そしてもう一つは、物理的な施術の感覚。医療モジュールのナノマシンアームが、俺の眼球に極めて精密な処置を施していく。痛みは全くない。ただ、眼球に触れる冷たい感触と、視界が強制的にシャットダウンされ、網膜の裏で無数の光の粒子が明滅する、奇妙な映像だけが続く。キャリブレーションを示す幾何学模様が網膜に直接投影され、俺の視神経がアルカディア号のシステムと強制的に同期されていく。


この情報の洪水と、身体への直接介入は、激しい負荷を伴った。脳が焼き切れるような錯覚、情報過多による吐き気。耐え難い不快感だが、これは、未来への投資だ。

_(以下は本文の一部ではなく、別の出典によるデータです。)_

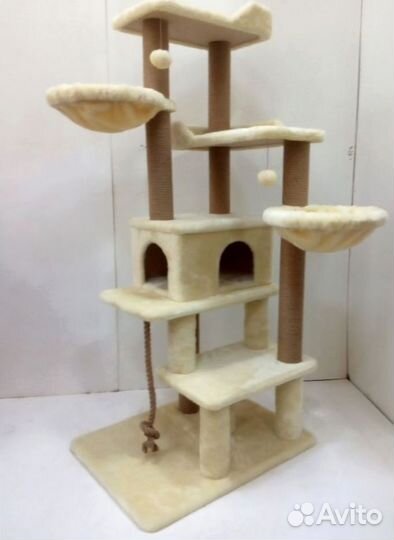 Специально для вашего питомца комплекс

言語だけでなく、これまでの会話やアイの収集データから得られたこの世界の文化、歴史、魔法の基礎知識なども、同時に脳に刻み込まれていく。それは、まるで断片的な夢を見るようでもあり、この世界の根底に流れる「理」のようなものが、わずかにだが、理解できるようになった気がした。


どれほどの時間が経っただろうか。情報の奔流と、網膜への施術が、ゆっくりと収まっていく。俺が、ゆっくりと目を開けると、世界が、以前とは少しだけ違って見えた。視界の隅に、半透明のコンソールが浮かび上がっている。


俺は、この新たな知識と理解、そして視界が、これからの旅で、大きな力となることを確信していた。

最後までお読みいただき、ありがとうございます。